Q3 adjusted EBITDA of $181 million, up 28% year-over-year, representing an adjusted EBITDA margin of 29% (Guidance was $135-150 mln)

Revenue Breakdown

Advertising revenue totaled $545 million, an increase of 6% y/y.

Mobile advertising revenue was 90% of total advertising revenue.

Data licensing and other revenue totaled $71 million, an increase of 26% y/y.

U.S. revenue totaled $374 million, an increase of 1% y/y
International revenue totaled $242 million, an increase of 21% y/y

User Metrics

Total ad engagements were up 91% y/y
Cost per engagement (CPE) was down 44% y/y
Average monthly active users (MAUs) were 317 million for Q3, up 3% year-over-year and compared to 313 million in the previous quarter.

Average U.S. MAUs were 67 million for Q3, up 1% year-over-year and compared to 66 million in the previous quarter.

Average international MAUs were 250 million for Q3, up 4% year-over-year and compared to 247 million in the previous quarter.
Mobile MAUs represented 83% of total MAUs.
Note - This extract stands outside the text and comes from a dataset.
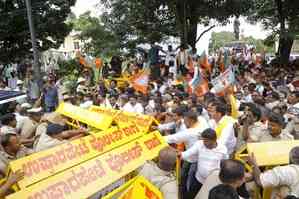 K'taka BJP protests demanding resignation of Siddaramaiah in Tribal Welfare Board case  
Average daily active usage (DAU) grew 7% year-over-year, an acceleration from 5% in Q2 and 3% in Q1.
FY16

Adjusted EBITDA to be in the range of $700 to $715 million
Adjusted EBITDA margin on GAAP revenue to be 27.5% to 28% (Prior 26-27%);

Capital expenditures to be no more than $360 million (Prior $300-375 mln)
Q4

Stock-based compensation expense to be in the range of $150 to $160 million;

GAAP share count to be in the range of 715 to 720 million shares;

Non-GAAP share count to be in the range of 725 to 735 million shares.

Sell the news.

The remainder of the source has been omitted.